Of course, we’ve still got collections of our kids’ stuff, even though they only visit here occasionally now. Got instructions from them to hold onto to all of it. Guess they got that gene.

And then there are my books. Yes, I love books. Three years ago when I purchased a new bookshelf, Linda proclaimed that it would be my last, and it was. Painfully, a couple months ago, I weeded out books and took them to our library where most of them were sold for — gasp! — $1. But don’t worry, if you looked at my book shelves, you wouldn’t know I’d gotten rid of any.

One favorite book is autographed by Nelson Rockefeller. One time when we were away, our dog chewed the cover and first page off the book, stopping just before the page with Rockefeller’s autograph. And I have a wonderful collection of Maine authors, including an original autographed copy of Gene Letourneau’s first book, and all of William Clark’s books. Gene and Bill were my writing heroes.

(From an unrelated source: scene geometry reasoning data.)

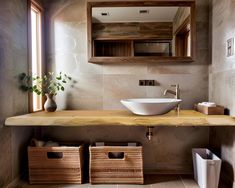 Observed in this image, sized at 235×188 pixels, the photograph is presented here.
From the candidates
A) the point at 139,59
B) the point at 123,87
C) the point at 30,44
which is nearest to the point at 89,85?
the point at 123,87

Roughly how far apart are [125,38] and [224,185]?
69.9 inches

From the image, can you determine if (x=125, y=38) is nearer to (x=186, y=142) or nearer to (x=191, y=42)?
(x=191, y=42)

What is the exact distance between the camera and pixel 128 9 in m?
2.33

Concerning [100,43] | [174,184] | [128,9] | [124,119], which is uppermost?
[128,9]

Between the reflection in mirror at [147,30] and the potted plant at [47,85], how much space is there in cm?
63

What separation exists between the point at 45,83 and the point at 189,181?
1868 millimetres

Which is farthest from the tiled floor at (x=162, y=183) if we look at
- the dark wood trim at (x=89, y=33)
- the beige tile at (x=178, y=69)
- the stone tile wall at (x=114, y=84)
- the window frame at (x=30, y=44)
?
the dark wood trim at (x=89, y=33)

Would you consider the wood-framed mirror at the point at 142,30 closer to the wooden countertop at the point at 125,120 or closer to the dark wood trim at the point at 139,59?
the dark wood trim at the point at 139,59

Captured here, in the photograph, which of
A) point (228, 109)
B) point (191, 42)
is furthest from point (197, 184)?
point (191, 42)

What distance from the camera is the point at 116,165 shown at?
2.10 metres

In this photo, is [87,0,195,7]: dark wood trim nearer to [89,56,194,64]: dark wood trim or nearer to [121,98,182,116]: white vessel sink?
[89,56,194,64]: dark wood trim

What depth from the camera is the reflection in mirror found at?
7.60ft

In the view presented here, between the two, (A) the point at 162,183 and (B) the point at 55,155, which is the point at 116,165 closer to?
(A) the point at 162,183

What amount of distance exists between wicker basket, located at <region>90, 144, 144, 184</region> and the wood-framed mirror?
0.96 metres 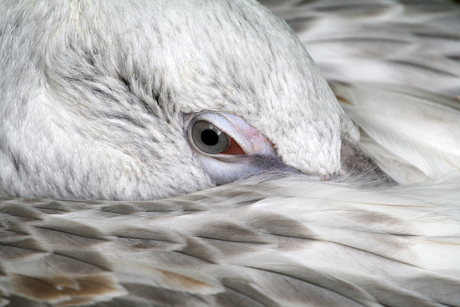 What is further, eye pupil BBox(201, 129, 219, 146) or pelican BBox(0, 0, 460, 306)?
eye pupil BBox(201, 129, 219, 146)

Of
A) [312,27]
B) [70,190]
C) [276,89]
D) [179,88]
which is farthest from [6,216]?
[312,27]

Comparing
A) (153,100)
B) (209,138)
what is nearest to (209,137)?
(209,138)

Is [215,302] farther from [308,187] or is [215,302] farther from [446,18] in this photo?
[446,18]

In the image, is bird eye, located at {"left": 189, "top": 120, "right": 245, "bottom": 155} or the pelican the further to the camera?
bird eye, located at {"left": 189, "top": 120, "right": 245, "bottom": 155}

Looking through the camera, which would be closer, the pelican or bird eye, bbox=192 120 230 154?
the pelican

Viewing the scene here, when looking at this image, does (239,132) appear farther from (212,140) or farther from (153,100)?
(153,100)

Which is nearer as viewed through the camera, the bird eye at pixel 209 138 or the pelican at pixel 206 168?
the pelican at pixel 206 168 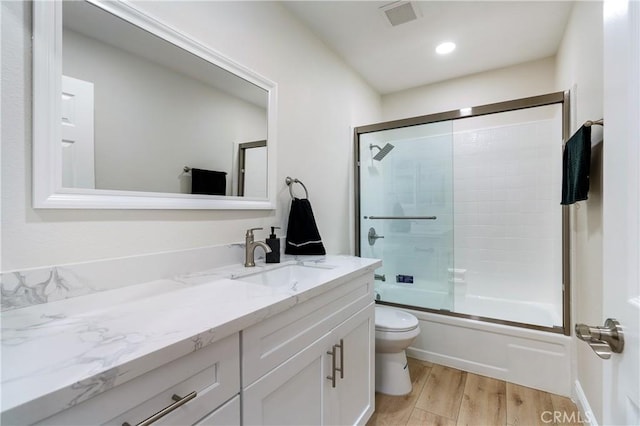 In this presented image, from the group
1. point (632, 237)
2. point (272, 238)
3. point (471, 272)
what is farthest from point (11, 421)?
point (471, 272)

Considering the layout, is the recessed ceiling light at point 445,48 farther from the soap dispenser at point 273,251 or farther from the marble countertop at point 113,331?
the marble countertop at point 113,331

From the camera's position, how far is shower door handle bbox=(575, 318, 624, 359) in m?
0.51

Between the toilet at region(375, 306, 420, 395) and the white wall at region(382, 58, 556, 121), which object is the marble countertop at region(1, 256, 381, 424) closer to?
the toilet at region(375, 306, 420, 395)

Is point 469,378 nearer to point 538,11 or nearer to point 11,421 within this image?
point 11,421

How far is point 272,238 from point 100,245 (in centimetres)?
77

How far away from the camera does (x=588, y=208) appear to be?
1.52m

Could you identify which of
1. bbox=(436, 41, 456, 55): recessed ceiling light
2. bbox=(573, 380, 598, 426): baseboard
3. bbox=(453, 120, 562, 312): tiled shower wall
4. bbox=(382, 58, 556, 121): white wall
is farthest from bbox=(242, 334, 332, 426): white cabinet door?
bbox=(382, 58, 556, 121): white wall

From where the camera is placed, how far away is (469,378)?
79.8 inches

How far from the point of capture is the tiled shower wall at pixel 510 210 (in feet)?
8.42

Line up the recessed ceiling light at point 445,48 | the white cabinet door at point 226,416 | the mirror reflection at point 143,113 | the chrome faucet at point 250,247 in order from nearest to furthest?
the white cabinet door at point 226,416 → the mirror reflection at point 143,113 → the chrome faucet at point 250,247 → the recessed ceiling light at point 445,48

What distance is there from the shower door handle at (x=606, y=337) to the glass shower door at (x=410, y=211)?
1.90m

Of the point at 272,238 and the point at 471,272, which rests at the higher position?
the point at 272,238

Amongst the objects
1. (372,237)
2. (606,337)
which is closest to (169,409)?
(606,337)

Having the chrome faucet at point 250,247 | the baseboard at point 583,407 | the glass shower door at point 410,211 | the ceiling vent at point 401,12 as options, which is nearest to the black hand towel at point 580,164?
the glass shower door at point 410,211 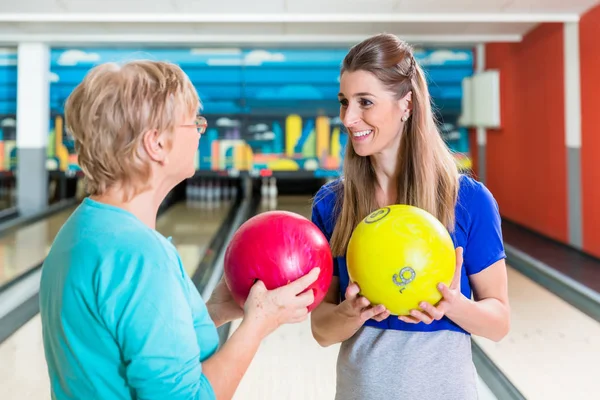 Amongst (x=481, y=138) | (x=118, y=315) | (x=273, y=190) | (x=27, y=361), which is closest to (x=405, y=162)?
(x=118, y=315)

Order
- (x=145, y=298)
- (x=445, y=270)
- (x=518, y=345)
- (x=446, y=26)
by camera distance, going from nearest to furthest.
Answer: (x=145, y=298) → (x=445, y=270) → (x=518, y=345) → (x=446, y=26)

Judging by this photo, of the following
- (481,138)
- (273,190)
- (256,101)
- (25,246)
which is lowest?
(25,246)

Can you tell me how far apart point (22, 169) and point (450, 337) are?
711 cm

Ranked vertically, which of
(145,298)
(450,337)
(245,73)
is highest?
(245,73)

My dad was well known for his letters to the editor. When he died, I found that he’d kept them all in folders, organized by decade. I got that gene too. I’ve been writing weekly editorial page columns in this newspaper for 27 years, and, yes, I’ve got copies of all those columns.

One of my biggest challenges is my collection of stuff in my home office, including four big buck mounts. When the three kids were here a while back, I pointed to the four mounts and said, “Good news, there’s one buck mount for each of you.” Daughter Hilary spoke for all three when she said, “Oh, I don’t know Dad. Those will go in your museum.”

Boy, did I love the idea of my own museum.